**Required action**
Transcribe the following records in full, exactly as shown.

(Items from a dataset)
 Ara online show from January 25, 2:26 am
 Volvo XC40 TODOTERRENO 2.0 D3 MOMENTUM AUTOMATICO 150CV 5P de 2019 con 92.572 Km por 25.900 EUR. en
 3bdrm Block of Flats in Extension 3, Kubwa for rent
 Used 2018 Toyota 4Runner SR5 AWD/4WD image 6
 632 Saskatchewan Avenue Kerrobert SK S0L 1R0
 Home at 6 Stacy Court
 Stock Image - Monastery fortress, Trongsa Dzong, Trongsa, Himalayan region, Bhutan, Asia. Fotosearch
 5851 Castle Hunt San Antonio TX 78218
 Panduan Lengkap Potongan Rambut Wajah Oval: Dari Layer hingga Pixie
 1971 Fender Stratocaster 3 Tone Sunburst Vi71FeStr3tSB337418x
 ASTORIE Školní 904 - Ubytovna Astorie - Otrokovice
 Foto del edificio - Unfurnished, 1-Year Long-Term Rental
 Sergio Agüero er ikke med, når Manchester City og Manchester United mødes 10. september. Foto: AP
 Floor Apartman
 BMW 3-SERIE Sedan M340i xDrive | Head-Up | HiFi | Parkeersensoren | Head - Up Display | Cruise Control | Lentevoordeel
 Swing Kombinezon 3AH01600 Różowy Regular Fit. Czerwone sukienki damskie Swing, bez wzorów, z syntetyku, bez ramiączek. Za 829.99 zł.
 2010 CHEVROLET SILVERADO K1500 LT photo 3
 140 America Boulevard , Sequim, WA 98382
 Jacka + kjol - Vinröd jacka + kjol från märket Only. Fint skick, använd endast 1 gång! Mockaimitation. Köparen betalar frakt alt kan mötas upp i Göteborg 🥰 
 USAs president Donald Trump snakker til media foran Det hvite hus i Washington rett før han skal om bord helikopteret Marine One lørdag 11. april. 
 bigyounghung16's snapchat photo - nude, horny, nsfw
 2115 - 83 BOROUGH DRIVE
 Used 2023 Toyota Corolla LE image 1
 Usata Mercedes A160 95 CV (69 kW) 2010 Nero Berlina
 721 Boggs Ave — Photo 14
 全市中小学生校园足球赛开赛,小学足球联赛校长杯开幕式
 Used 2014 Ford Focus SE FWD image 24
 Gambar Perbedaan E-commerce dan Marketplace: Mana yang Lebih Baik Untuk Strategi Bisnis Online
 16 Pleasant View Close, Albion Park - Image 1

**Result**
 Ara online show from January 25, 2:26 am
 Volvo XC40 TODOTERRENO 2.0 D3 MOMENTUM AUTOMATICO 150CV 5P de 2019 con 92.572 Km por 25.900 EUR. en
 3bdrm Block of Flats in Extension 3, Kubwa for rent
 Used 2018 Toyota 4Runner SR5 AWD/4WD image 6
 632 Saskatchewan Avenue Kerrobert SK S0L 1R0
 Home at 6 Stacy Court
 Stock Image - Monastery fortress, Trongsa Dzong, Trongsa, Himalayan region, Bhutan, Asia. Fotosearch
 5851 Castle Hunt San Antonio TX 78218
 Panduan Lengkap Potongan Rambut Wajah Oval: Dari Layer hingga Pixie
 1971 Fender Stratocaster 3 Tone Sunburst Vi71FeStr3tSB337418x
 ASTORIE Školní 904 - Ubytovna Astorie - Otrokovice
 Foto del edificio - Unfurnished, 1-Year Long-Term Rental
 Sergio Agüero er ikke med, når Manchester City og Manchester United mødes 10. september. Foto: AP
 Floor Apartman
 BMW 3-SERIE Sedan M340i xDrive | Head-Up | HiFi | Parkeersensoren | Head - Up Display | Cruise Control | Lentevoordeel
 Swing Kombinezon 3AH01600 Różowy Regular Fit. Czerwone sukienki damskie Swing, bez wzorów, z syntetyku, bez ramiączek. Za 829.99 zł.
 2010 CHEVROLET SILVERADO K1500 LT photo 3
 140 America Boulevard , Sequim, WA 98382
 Jacka + kjol - Vinröd jacka + kjol från märket Only. Fint skick, använd endast 1 gång! Mockaimitation. Köparen betalar frakt alt kan mötas upp i Göteborg 🥰 
 USAs president Donald Trump snakker til media foran Det hvite hus i Washington rett før han skal om bord helikopteret Marine One lørdag 11. april. 
 bigyounghung16's snapchat photo - nude, horny, nsfw
 2115 - 83 BOROUGH DRIVE
 Used 2023 Toyota Corolla LE image 1
 Usata Mercedes A160 95 CV (69 kW) 2010 Nero Berlina
 721 Boggs Ave — Photo 14
 全市中小学生校园足球赛开赛,小学足球联赛校长杯开幕式
 Used 2014 Ford Focus SE FWD image 24
 Gambar Perbedaan E-commerce dan Marketplace: Mana yang Lebih Baik Untuk Strategi Bisnis Online
 16 Pleasant View Close, Albion Park - Image 1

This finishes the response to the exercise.